Sunday, July 3, 2016


This is going to be brief and I have two more days of multiple movies coming up. Yesterday was even longer because I saw THE LEGEND OF TARZAN (loved it) before the New York Asian quartet. I'm going to be posting more pictures and longer reviews but for now here is a taste of what happened today.

I had no intention of ever seeing YELLOW FLOWERS ON GREEN GRASS because it sounded like it as going to be a downer of epic proportions. Plans changed and I ended up going despite no desire to see it. While there is a tinge of tragedy, it isn't as bleak as I thought and ended up getting teary eyed  at the end.

The plot tells the story of two brothers in rural Vietnam in 1989. As the pair goes through their lives a possible love triangle forms when a girl named moon stays with them.

Moving from comedy to tragedy to magical realism and back again this is just a nice little film. I want to see it again when I can really see it for what it is and not be fearful of some terrible event.

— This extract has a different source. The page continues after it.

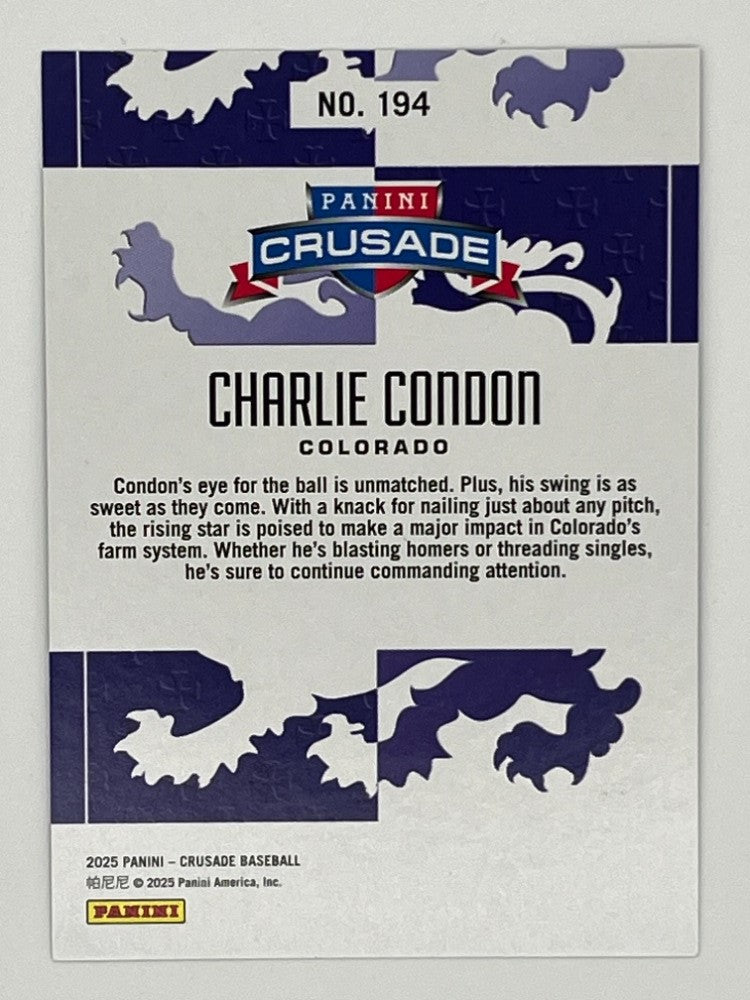 2025 Crusade Charlie Condon # 194, Serialized 5/5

Pretty much everyone won an award before FOURTH PLACE.  They gave out medals, trophies and ribbons to almost 30 people. I got a Winners medal and Alec got a trophy. Other people got other awards including one for potty training. The point of the awards was that the film looks at our obsession with winning and awards and the guys wanted everyone to be a winner.

FOURTH PLACE is one of the top three films at NYAFF this year. The story of a young swimmer who is turned over to a couch who beats him - and gets results- is as good as filmmaking and story telling gets. The final swimming montage is brilliantly edited. Its a film that makes you think and feel and want to see it again and share it with your friends. I can't say enough good about the film which just does everything right-perhaps one of the best of 2016 might do.

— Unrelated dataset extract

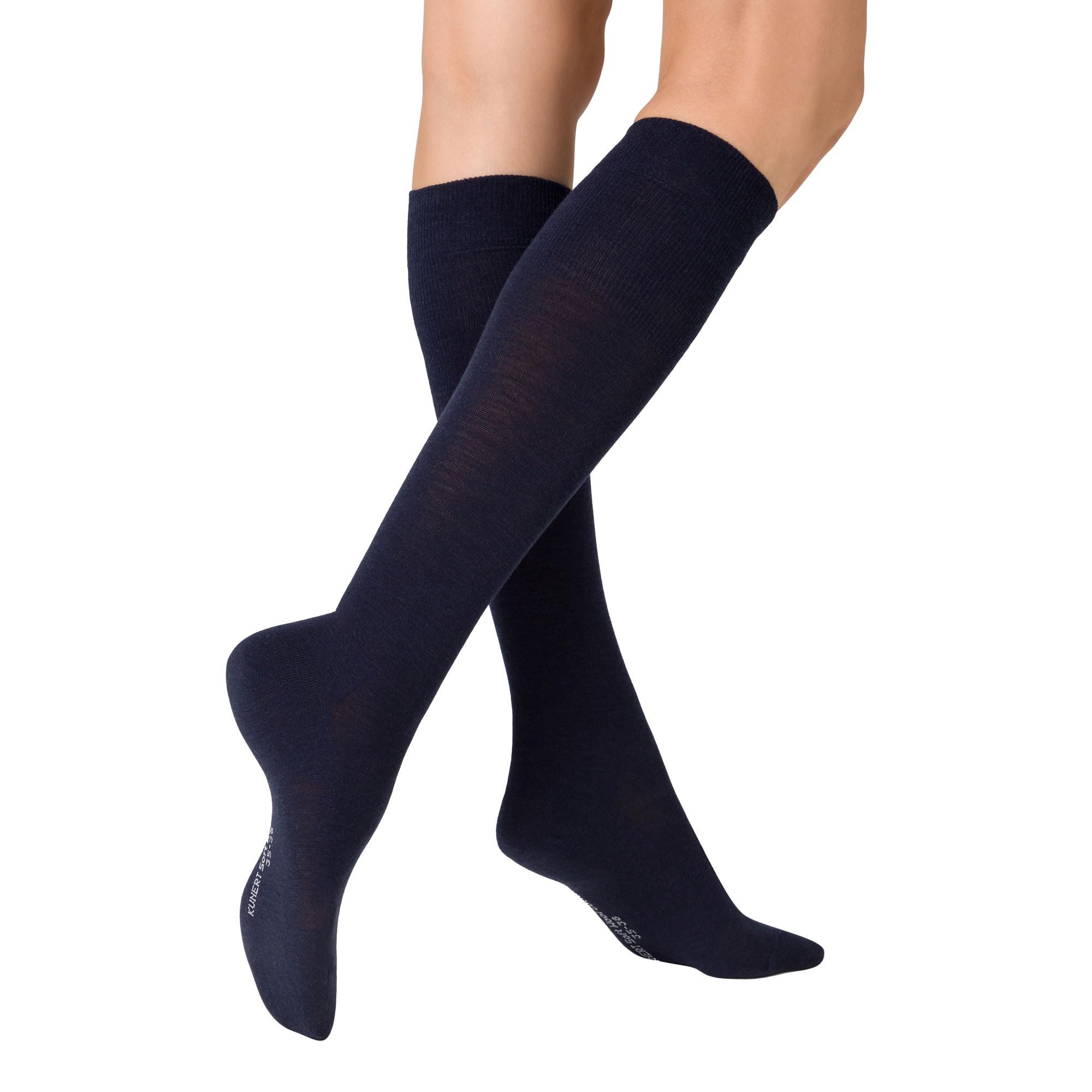KUNERT Women's Knee Socks Soft Wool Cotton Soft, Marine 0360, 39-42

Jelly Lin was awarded the Screen International Rising Star Award She beat out 120,000 other actresses to win the lead in Stephen Chow's MERMAID her first film.

MERMAID, which is getting a rerelease Friday at the Metrograph in Manhattan in 3D, is messy movie. I don't care if it's the top grossing film in China of all time, its a frequently unfunny film with bad special effects. It takes Chow's tendency for cruelty and graphic violence up a few notches as the mermen and women are graphically shot and hacked to death in the final sequence which mixes in slapstick humor. Isn't genocide fun boys and girls? I'm not going to lie and say the film isn't funny, it is at times but the blood letting in the last 15 minutes is stomach turning for no real reason and under cuts the humor and any passion for the film one might have.

After the film Jelly Lin came out for a brief Q&A. A rapid fire series of questions followed that was more dishy then informative and it was one of the least I've seen at NYAFF and the less said the better.

Before HONOR THEY FATHER the final film John Lloyd Cruz was given the Star Asia Award. He was due to come back for a Q&A but I left right after the film because of the time and a need to make the train.

HONOR THY FATHER is a very good, if a tad slow, crime/caper story. When Edgar's(played by) father-in-law goes missing he and his wife try to track him down. In the mean time the couple  continue selling shares in an investment program the father-in-law had been hawking. In quick succession the  schemes stops paying off and the father turns up dead. As the investors come for their money things turn by degrees ugly and uglier as some of those unintentionally swindled turn out to be really bad people. With no one to turn to Edgar goes home and rounds up his brothers, a gang of robbers with the plan to take down the filthy rich church that refused to help the family. A damning portrait of greed, the church and the oppression that keeps people doen HONOR THY FATHER is a kick in the head as it keeps you on the edge of your seat wondering what is going to happen next. Recommended.

And with that I'm off. As this posts I'm back at Lincoln Center for another quadruple feature. I report late tonight.